Oha. Erst vorher fragen, du Idiot.

„Tja, das habe ich für die Bühne noch nicht probiert. Aber die meisten Schauspieler hier sind auch ziemliche Mimosen", versuchte ich Land zu gewinnen.

„Dabei würde das ausverkaufte Vorstellungen garantieren", haute mich nun Luise vom Hocker. Man gut, dass ich im Sessel saß.

„Absolut richtig. Und du hast dich noch nicht daran versucht? Schreiben, meine ich?"

„Nein, ich lese gern. Am liebsten aber lasse ich mir von Marie ihre Geschichten vorlesen. Sie garantieren eine wirklich gute Nacht", kam Luises Antwort, die mich in Unisono mit Marie bis über beide Ohren grinsen ließ.

„Das glaube ich nur zu gern", gab ich unumwunden zu.

„Das brauchst du nicht zu glauben. Das kannst du am eigenen Leib erfahren", bot Marie mit einer Kostprobe ihrer Vorlesestimme an.

Da richteten sich nicht nur meine Nackenhaare auf. Himmelherrgott. Kein Sack Flöhe, Bettwanzen stattdessen. Der wirklich kribbligen Art. Sagenhaft.

„Ehm... so, so. Na, danke für das Angebot. Wie ist es denn, Mädels, habt ihr langsam Appetit?", stellte ich die falsche Frage und beeilte mich das zu spezifizieren. „Mögt ihr Italienisch?", weil mir ad hoc nichts Anderes einfiel.

„Klar, selbstverständlich auch Griechisch und natürlich besonders Französisch", haute mir Luise selbst das gnadenlos um die Ohren.

„Natürlich", schüttelte ich mich mühsam aus der einsetzenden Lähmung und war bereit, die Flucht in die hoffentlich schützende Öffentlichkeit anzutreten. Dear, oh dear. Siebzehn. Die Mädels waren siebzehn. Armes London. Armer Tom?

Ich überreichte ihnen noch einen Satz Schlüssel, als ich diesen in der Holzschale im Flur bemerkte.

„Damit ihr wirklich zu jeder Zeit kommen und gehen könnt, wie ihr wollt. Ihr werdet ja schließlich nicht die ganze Zeit mit mir verbringen wollen, oder?"

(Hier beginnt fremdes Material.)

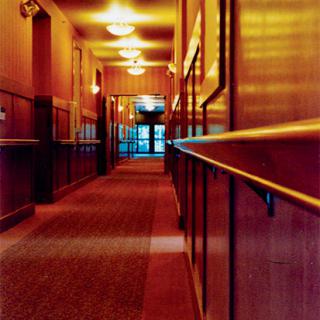 A dimly lit hallway with carpet flooring and wooden panels.
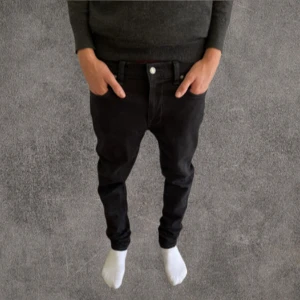 Svarta slim jeans från Nudie Jeans, w32 - Säljer ett par svarta jeans från Nudie Jeans i storlek 32/32. De har klassisk femficksdesign, svarta sömmar och Nudie-logga på bakfickan. Jeansen är raka i modellen och har en normal passform. Materialet är huvudsakligen bomull med lite elastan för extra komfort.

„Dann bräuchten wir zum Kommen doch nicht zu gehen. Trotzdem danke", bewies Marie ansatzweise ihr Talent, wie auch das, mich in jeder Situation mit Leichtigkeit verbal aufs Kreuz zu legen. Luise grinste dabei wie ein Honigkuchenpferd.

Jesses. Vielleicht ließ sich dem doch noch die Spitze nehmen?

„Habe ich vielleicht vorhin etwas fehlinterpretiert? Ihr seid nicht nur aneinander und Vertreterinnen eurer Zunft interessiert, sondern..."

„Natürlich sind wir bi", schloss Luise alle möglichen Notausgänge, während ich das mit der Wohnungstür tat.

„Theoretisch", schränkte Marie das ein und fügte beschwichtigend hinzu. „Keine Angst, Onkel Tom, wir fallen heute nicht über dich her. Auch du hast noch eine Gnadenfrist."

Irgendwie war das nicht wirklich beruhigend, vor allem, weil Luise da stirnkrausender anderer Meinung zu sein schien, nach einem kurzen beredten Blicktausch mit ihrem orangen Spiegelbild aber schulterzuckend zustimmte.

„So, so. Dann verlasse ich mich darauf", entgegnete ich vorsichtig. „Das ‚Onkel' ist übrigens nicht notwendig. Tom reicht völlig."

„Danke. Ich bin mir sicher, auch uns wird Tom völlig reichen", wurde ich auf diesem Wege von Marie informiert, dass der Verzicht auf das verbale Herfallen darin nicht inkludiert war.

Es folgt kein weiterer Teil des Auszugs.